How can I understand imposing an absolute value and a negative sign on a random variable before calculating the likelihood? Thank you very much for your answer! ! !

Question

How can I understand imposing an absolute value and a negative sign on a random variable before calculating the likelihood? Thank you very much for your answer! ! !

zhengxinChenee opened this issue 7 months ago · comments

As stated, we can calculate the likelihood probability of the quantized latent variable by CDF((values + half)/ scales) - CDF((values - half)/ scales), but in CompressAI, the absolute value and negative sign are applied to the quantized latent variable before using cdf to calculate the likelihood probability, i.e.,

values = torch.abs(values)
upper = self._standardized_cumulative((half - values) / scales)
lower = self._standardized_cumulative((-half - values) / scales)
likelihood = upper - lower

How to understand the different implementation of CompressAI？

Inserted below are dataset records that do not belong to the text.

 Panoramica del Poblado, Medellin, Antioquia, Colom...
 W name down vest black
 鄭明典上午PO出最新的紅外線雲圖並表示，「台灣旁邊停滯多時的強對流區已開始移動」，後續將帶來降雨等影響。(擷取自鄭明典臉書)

Mateen Ulhaq · Answer 1 · Wed Nov 08 2023 16:51:13 GMT+0800 (China Standard Time)

Proof by symmetry

Define:

def _standardized_cumulative(x):
    return 0.5 * torch.erfc(-x / sqrt(2))

Plot:

_standardized_cumulative has various symmetries. Notably:

_standardized_cumulative(x) == 1 - _standardized_cumulative(-x)

Thus:

upper
  == _standardized_cumulative((0.5 - samples) / scale)
  == 1 - _standardized_cumulative((samples - 0.5) / scale)

lower
  == _standardized_cumulative((-0.5 - samples) / scale)
  == 1 - _standardized_cumulative((samples + 0.5) / scale)

upper - lower
  == _standardized_cumulative((samples + 0.5) / scale) - _standardized_cumulative((samples - 0.5) / scale)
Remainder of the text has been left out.